Les Celtes, les Ligures, les Romains ont occupé les collines avoisinantes dans un habitat dispersé en fonction de l’usage qu’ils avaient des ressources naturelles. C’est au Moyen-âge que ce donjon impressionnant accueillit une garnison de soldats. Cependant la population vivait essentiellement à l’écart de ce lourd édifice, préférant se concentrer sur les travaux agricoles. Les habitants de la commune avaient tellement peu d’intérêt pour le château qu’ils se sont même insurgés au XVème siècle contre des projets d’expansion coûteux, alors que la seigneurie ne leur apportait qu’une protection démesurée au regard des tâches auxquelles ils devaient se soumettre.

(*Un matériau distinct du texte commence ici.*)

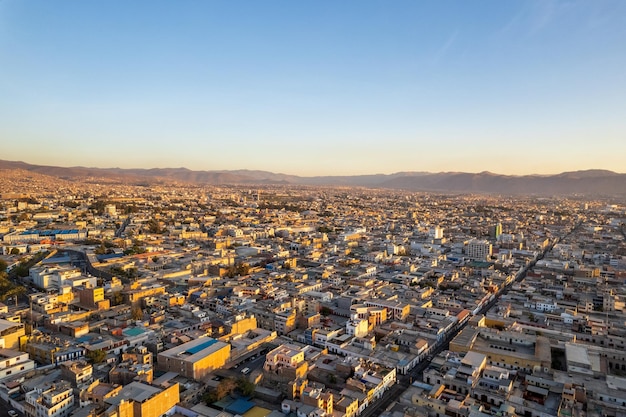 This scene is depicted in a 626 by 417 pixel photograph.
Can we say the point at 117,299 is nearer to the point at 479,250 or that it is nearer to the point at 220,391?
the point at 220,391

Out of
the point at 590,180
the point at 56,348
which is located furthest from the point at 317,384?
the point at 590,180

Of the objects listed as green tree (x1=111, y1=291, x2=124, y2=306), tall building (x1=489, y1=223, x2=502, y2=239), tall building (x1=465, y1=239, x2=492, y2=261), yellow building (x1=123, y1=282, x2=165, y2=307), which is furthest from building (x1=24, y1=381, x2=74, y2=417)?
tall building (x1=489, y1=223, x2=502, y2=239)

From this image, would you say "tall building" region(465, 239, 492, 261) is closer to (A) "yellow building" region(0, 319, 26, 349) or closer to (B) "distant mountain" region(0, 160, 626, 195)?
(A) "yellow building" region(0, 319, 26, 349)

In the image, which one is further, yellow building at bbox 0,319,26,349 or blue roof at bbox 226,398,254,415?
yellow building at bbox 0,319,26,349

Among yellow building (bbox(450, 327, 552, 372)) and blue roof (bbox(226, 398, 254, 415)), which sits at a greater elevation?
yellow building (bbox(450, 327, 552, 372))

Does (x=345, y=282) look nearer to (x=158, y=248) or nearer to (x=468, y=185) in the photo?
(x=158, y=248)

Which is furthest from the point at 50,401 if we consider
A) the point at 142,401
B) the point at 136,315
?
the point at 136,315

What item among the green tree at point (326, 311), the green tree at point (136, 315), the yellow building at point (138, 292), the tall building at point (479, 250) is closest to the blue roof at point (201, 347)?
the green tree at point (136, 315) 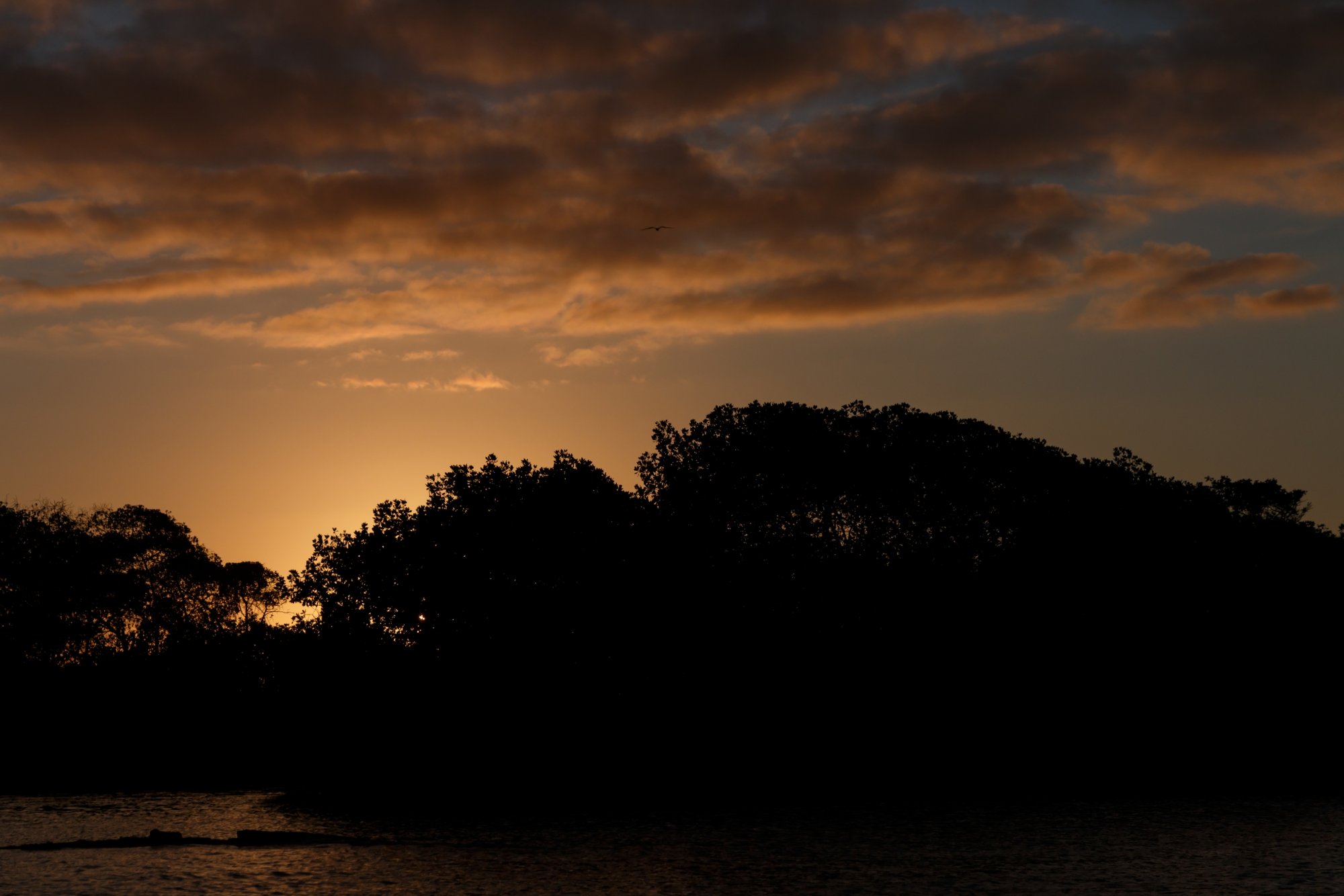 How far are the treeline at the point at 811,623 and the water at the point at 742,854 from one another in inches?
517

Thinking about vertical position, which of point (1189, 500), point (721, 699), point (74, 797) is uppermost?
point (1189, 500)

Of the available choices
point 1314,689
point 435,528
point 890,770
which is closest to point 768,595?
point 890,770

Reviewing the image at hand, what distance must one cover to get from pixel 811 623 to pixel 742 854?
2891 cm

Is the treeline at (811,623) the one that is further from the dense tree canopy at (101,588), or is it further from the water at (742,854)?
the dense tree canopy at (101,588)

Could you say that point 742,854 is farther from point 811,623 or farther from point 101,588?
point 101,588

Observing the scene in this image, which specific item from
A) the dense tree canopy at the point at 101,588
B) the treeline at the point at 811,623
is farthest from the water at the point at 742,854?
the dense tree canopy at the point at 101,588

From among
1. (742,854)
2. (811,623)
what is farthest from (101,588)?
(742,854)

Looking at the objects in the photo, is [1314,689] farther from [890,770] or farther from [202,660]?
[202,660]

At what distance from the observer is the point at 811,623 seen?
61688 mm

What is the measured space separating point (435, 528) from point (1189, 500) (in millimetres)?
36576

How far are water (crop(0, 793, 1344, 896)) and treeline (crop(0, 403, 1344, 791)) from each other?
13.1 meters

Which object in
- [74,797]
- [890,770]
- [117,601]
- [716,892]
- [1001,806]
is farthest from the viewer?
[117,601]

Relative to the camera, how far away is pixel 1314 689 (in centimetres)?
6194

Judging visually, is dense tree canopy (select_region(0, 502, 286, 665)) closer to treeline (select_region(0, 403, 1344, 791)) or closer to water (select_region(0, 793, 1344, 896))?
treeline (select_region(0, 403, 1344, 791)) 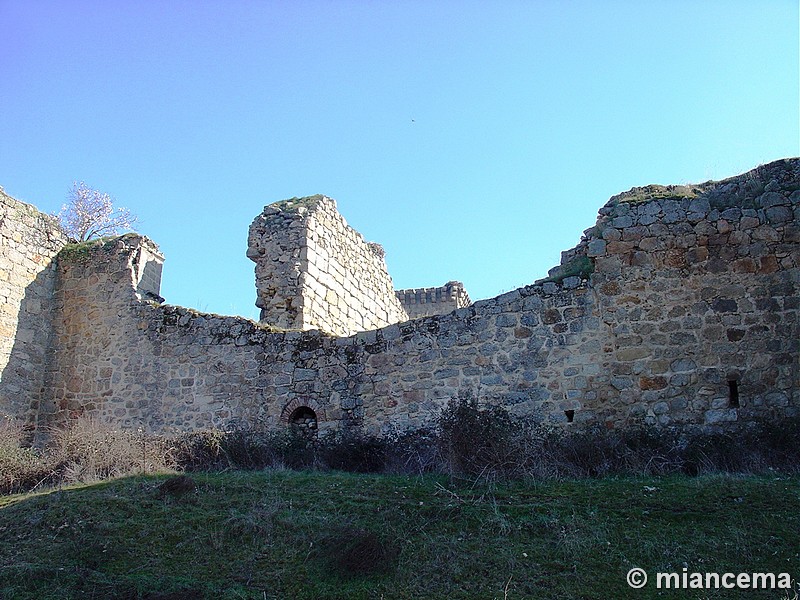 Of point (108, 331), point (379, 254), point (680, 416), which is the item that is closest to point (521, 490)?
A: point (680, 416)

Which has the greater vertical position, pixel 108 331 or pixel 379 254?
pixel 379 254

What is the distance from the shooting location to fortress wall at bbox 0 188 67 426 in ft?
45.1

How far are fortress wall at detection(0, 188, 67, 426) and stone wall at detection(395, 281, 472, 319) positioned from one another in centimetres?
1030

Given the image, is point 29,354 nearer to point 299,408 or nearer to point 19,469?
point 19,469

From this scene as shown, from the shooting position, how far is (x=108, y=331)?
1428 centimetres

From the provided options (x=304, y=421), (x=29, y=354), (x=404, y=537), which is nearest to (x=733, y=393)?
(x=404, y=537)

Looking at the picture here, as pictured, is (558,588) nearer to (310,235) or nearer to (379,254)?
(310,235)

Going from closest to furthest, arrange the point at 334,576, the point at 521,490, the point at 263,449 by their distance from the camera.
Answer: the point at 334,576 < the point at 521,490 < the point at 263,449

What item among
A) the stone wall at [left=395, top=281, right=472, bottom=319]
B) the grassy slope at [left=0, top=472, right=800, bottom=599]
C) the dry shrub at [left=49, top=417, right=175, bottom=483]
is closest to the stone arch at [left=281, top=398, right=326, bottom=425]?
the dry shrub at [left=49, top=417, right=175, bottom=483]

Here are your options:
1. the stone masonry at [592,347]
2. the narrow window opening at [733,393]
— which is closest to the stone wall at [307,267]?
the stone masonry at [592,347]

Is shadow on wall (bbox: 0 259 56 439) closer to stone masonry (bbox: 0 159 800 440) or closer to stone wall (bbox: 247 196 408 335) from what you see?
stone masonry (bbox: 0 159 800 440)

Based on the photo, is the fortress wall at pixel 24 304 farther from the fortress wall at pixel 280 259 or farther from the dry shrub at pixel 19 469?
the fortress wall at pixel 280 259

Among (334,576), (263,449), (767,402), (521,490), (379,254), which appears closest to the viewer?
(334,576)

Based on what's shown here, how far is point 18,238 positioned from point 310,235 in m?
5.44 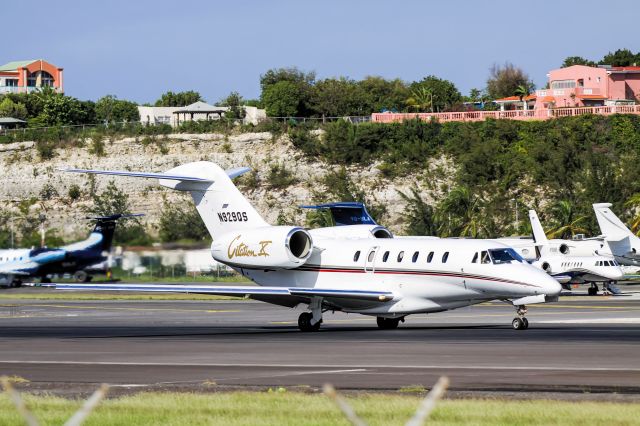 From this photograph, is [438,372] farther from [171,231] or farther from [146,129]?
[146,129]

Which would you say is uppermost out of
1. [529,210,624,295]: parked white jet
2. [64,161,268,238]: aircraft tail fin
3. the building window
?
the building window

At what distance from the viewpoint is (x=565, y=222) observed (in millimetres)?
98625

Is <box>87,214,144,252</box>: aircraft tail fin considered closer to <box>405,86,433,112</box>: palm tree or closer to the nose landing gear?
the nose landing gear

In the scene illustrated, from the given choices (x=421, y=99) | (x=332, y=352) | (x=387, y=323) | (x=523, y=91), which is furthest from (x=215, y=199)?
(x=523, y=91)

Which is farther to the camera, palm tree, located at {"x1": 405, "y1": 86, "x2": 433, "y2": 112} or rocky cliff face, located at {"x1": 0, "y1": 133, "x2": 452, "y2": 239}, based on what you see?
palm tree, located at {"x1": 405, "y1": 86, "x2": 433, "y2": 112}

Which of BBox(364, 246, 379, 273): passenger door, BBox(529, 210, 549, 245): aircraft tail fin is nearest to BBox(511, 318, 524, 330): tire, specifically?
BBox(364, 246, 379, 273): passenger door

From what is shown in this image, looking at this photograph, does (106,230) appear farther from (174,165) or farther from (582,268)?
(174,165)

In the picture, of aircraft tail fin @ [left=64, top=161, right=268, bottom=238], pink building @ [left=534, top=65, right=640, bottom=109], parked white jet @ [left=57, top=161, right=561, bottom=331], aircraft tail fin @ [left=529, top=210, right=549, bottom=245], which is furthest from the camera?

Pourtant, et cela peut justement paraître surprenant, le château a traversé l’épisode révolutionnaire sans finir en carrière de pierre. Aucun entrepreneur ne souhaitant se porter acquéreur de l’édifice, c’est le marquis de Forbin lui-même, après une période d’exil, qui récupère son bien et le réhabilite. Peut-être que la protection des remparts pendant les guerres de religion a rapproché la population de ce vecteur identitaire qu’elle tentait d’ignorer depuis des siècles.
Loin des voies de communication, sans ressources exceptionnelles, la Verdière est restée un village calme, victime de l’exode rural. La beauté des lieux et un retour aux sources sociétal l’a un peu redynamisé.